Помилование Ходорковского — как раз иллюстрация. Ходорковский на свободе для Путина не опасен, а в тюрьме он был проблемой для России. Путин проблему решил.

Возвращение старой решительной стилистики в 2013 году имело колоссальный успех на международной арене. В том году кардинально поменялось западное общественное мнение по отношению к Путину. Там оценили тот факт, что его жесткая позиция по сирийскому вопросу победила, и, согласно практически всем опросам, Путин вошел в тройку самых влиятельных мировых лидеров. Он становится лидером консервативной Европы и современного христианского мира.

— Какие новые вызовы заставят его меняться и в каком направлении?

— Остановка темпов роста заставит его менять экономическую политику. Сейчас есть две группы, которые борются. Одна говорит: мы должны вернуться к тому, что делали в 90-е, — снизить государственные расходы и предоставить больше возможностей частному бизнесу и иностранным инвестициям. На наших глазах это предложил гайдаровский форум. Вторая группа говорит, что нужно значительно увеличить роль государства в экономике. С таким докладом выступил Евгений Примаков. Я думаю, что в этом году Путину придется определиться.

Другой вызов — это русский вопрос. Суть его в том, что диаспорами права человека защищаются лучше, чем полицией. Поэтому народы, не объединенные в диаспоры, чувствуют, что их права ущемлены, в том числе — в традиционных русских областях. Сюда же нужно добавить традиционное недофинансирование русских областей. Мы в большом долгу перед русскими историческими областями: Владимирской, Новгородской, Рязанской. Именно они много столетий тащили вперед Россию, именно оттуда мобилизовались солдаты, чтобы победить Карла XII, Наполеона, Гитлера, чтобы строить Байконур и поднимать целину. И они обезлюдели, там очень низкий уровень жизни, очень слабое финансирование образования и здравоохранения. Надо отдать им исторический долг.

Поэтому с одной стороны Путин должен дать ответ на русский вопрос (иначе он столкнется с угрозой появления очень сильной оппозиционной националистической партии), но с другой — для того, чтобы защитить Россию от будущих военно-политических и экономических кризисов, нужно стремительно создавать евразийское пространство, которое, естественно, не может строиться на русской национальной основе. Как сочетать эти две задачи? Ответ найти сложно.

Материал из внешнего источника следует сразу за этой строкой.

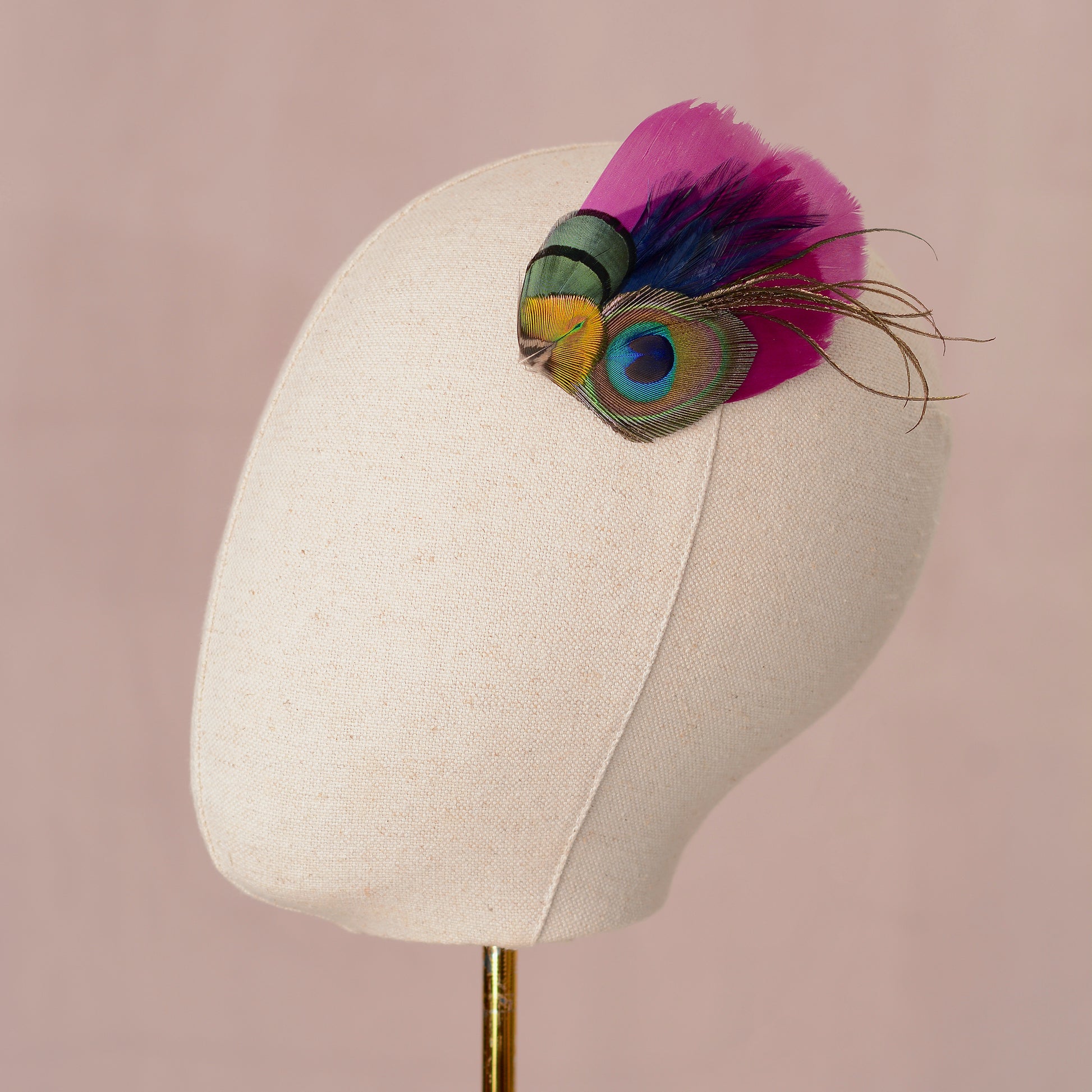 Mannequin head with a decorative peacock feather hair clip placed on the side of the head as a fascinator on a pink background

— Во время «прямых линий» к Путину постоянно обращаются с просьбами о помощи. Это нормально, когда обычные муниципальные, бытовые проблемы не решаются, пока президент не скажет?

— Проблема не только в том, что у нас слабо развиты институты, а и в том, что мы вообще не определились: какими они должны быть? А это зависит от того, какую модель развития мы выберем. В Евросоюзе она одна, в США — другая, а есть еще японская модель. Мы еще не нашли российскую модель развития. У нас только есть российская модель восстановления после катастрофы, кризисный менеджмент. Но не Путин должен решать вопрос об устройстве страны и ее институтов, и не хочет он решать этого волюнтаристски. Это должны обсуждать интеллектуальная и политическая элита и гражданское общество.

— Получается замкнутый круг: без Путина у нас ничего не решается, а он не хочет быть волюнтаристом...

— Совершенно верно. И чтобы его разорвать — активная часть общества должна не на Болотную ходить, а предлагать пути развития страны и тем самым определять ее судьбу.

— Но пока этого не происходит, и судьбу России определяют президент и правительство. Кстати, как вы оцениваете их взаимоотношения, ждать ли отставки Медведева и его министров?

— Высока вероятность переформатирования экономического блока, которое будет связано с изменением парадигмы экономического развития страны. Все остальное зависит от самого премьер-министра: захочет он связать свою судьбу с уходящими из кабинета или с теми, кто в него придет. Если он готов к изменениям и будет их активно предлагать, то ничто не помешает ему успешно работать с Путиным. Президент не борется со своим правительством, но антиистеблишментский заряд у обновленного Путина очевиден. Поэтому я прогнозирую не столько смену кабинета, сколько «вторую олигархическую». Давненько их Путин не щипал, и олигархические группировки опять получили слишком большую волю и влияние. Они создали и поддерживают коррупционную систему и вскоре должны встать перед выбором: либо они включаются в антикоррупционную кампанию, в проект по национализации и деофшоризации элит, либо по отношению к ним будет применен тот арсенал, который уже использовался во время первой антиолигархической войны, в начале «нулевых».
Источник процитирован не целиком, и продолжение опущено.